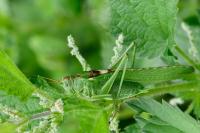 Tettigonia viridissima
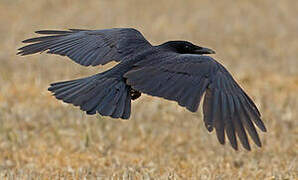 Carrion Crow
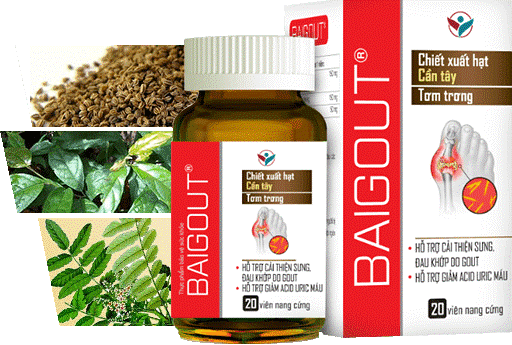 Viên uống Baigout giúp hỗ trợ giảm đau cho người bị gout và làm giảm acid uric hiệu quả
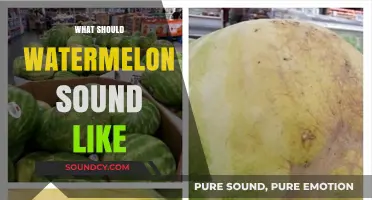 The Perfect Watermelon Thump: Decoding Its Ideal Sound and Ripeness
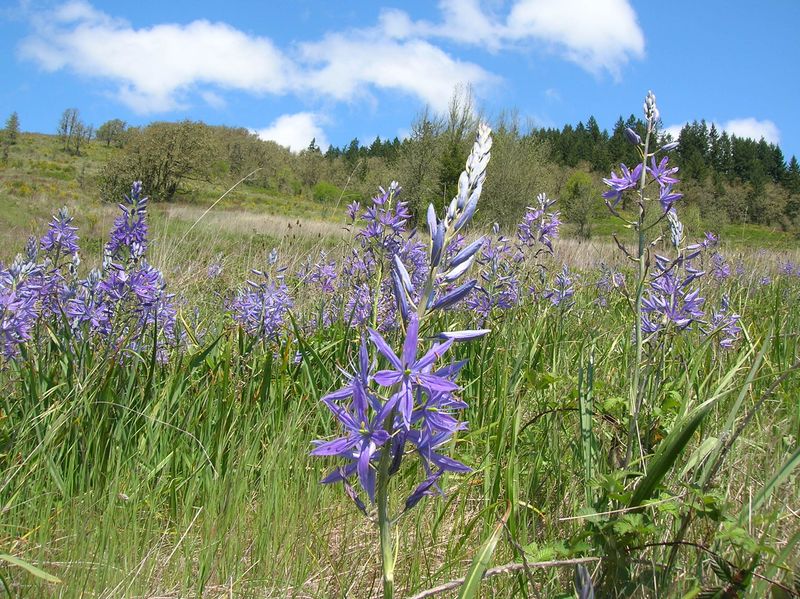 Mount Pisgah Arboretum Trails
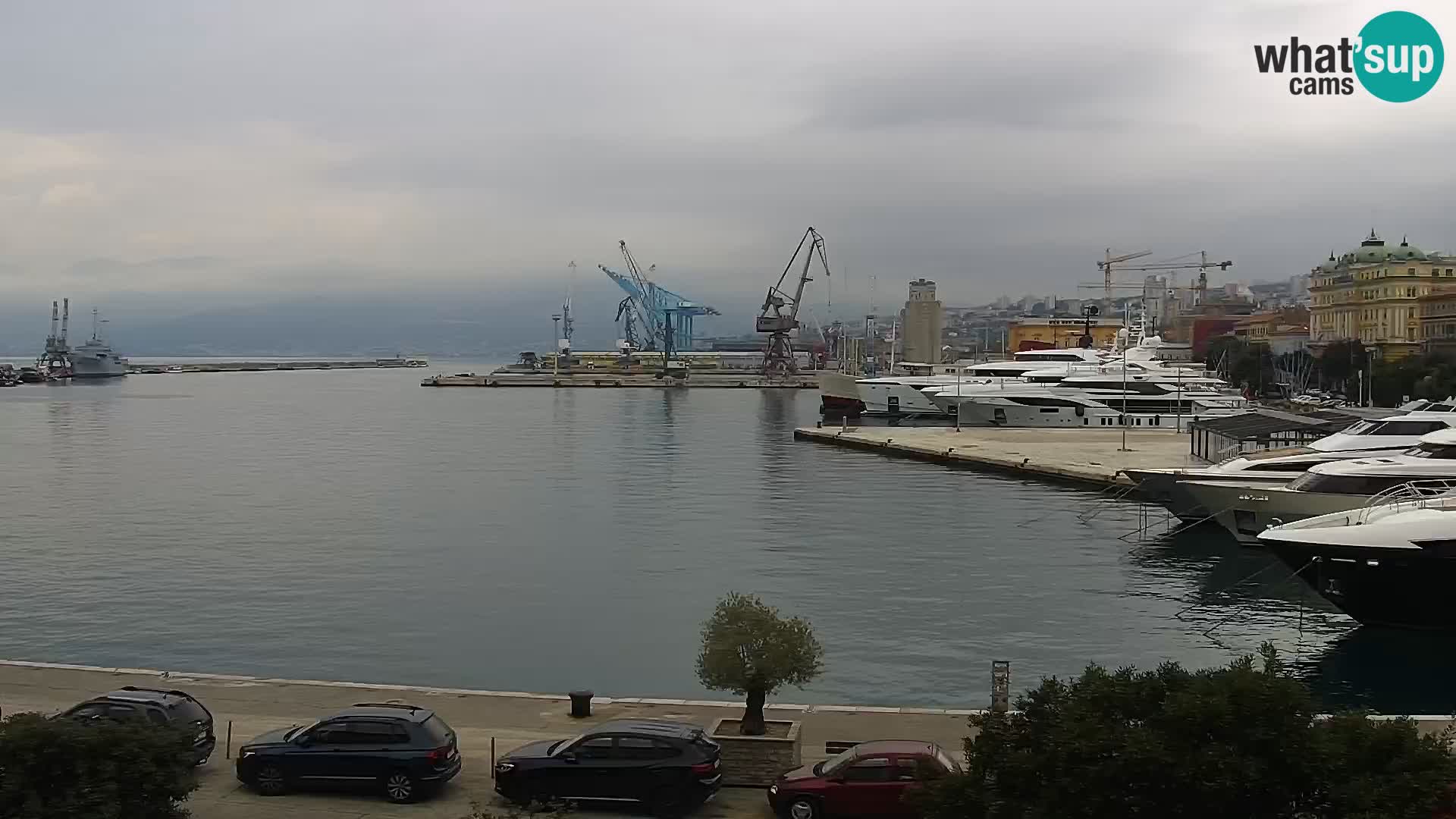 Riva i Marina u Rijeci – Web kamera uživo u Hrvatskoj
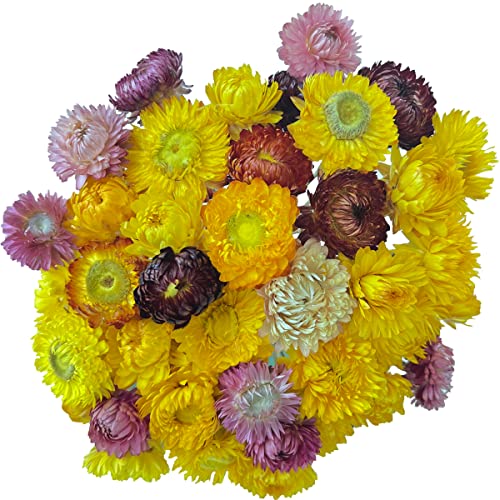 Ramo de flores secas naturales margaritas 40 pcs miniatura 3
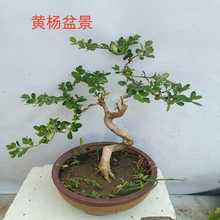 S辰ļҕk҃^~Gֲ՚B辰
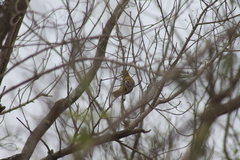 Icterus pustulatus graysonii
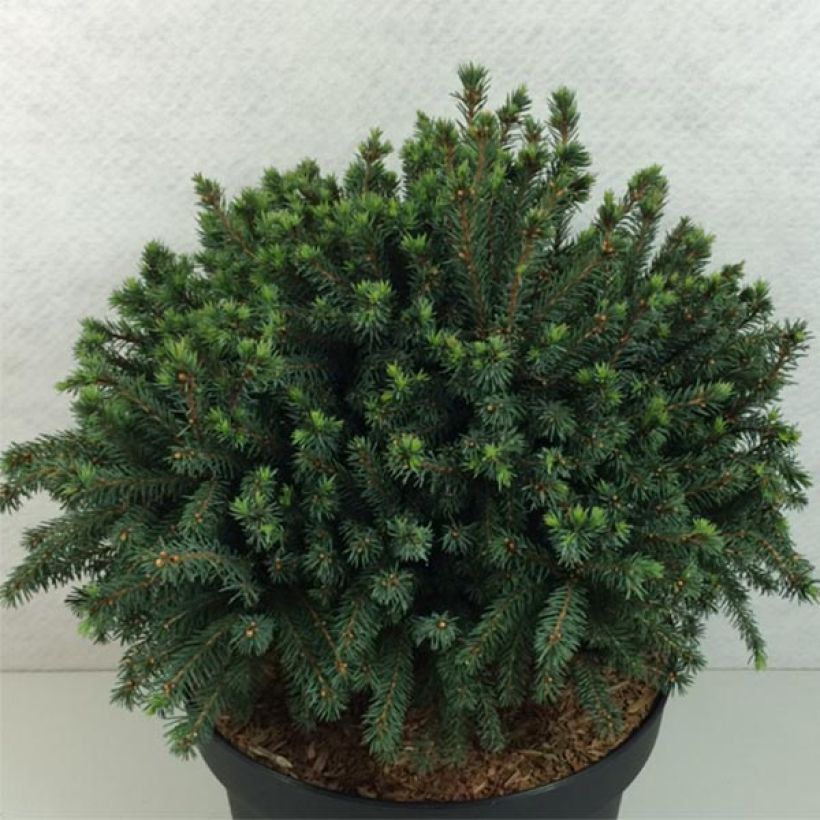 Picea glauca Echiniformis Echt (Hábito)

--

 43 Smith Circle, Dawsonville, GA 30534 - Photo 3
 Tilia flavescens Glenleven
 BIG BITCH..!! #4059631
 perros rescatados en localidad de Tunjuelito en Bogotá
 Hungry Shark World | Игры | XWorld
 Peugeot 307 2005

* * *

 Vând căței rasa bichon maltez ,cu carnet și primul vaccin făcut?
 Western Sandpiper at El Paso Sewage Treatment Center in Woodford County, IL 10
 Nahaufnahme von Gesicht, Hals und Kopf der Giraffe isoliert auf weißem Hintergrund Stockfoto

Prompt:
Copy word for word only the lines above from the one with "Mount Pisgah Arboretum Trails" through the one with "Picea glauca Echiniformis Echt (Hábito)". Leave pictures out.

Response:
 Mount Pisgah Arboretum Trails
 Riva i Marina u Rijeci – Web kamera uživo u Hrvatskoj
 Ramo de flores secas naturales margaritas 40 pcs miniatura 3
 S辰ļҕk҃^~Gֲ՚B辰
 Icterus pustulatus graysonii
 Picea glauca Echiniformis Echt (Hábito)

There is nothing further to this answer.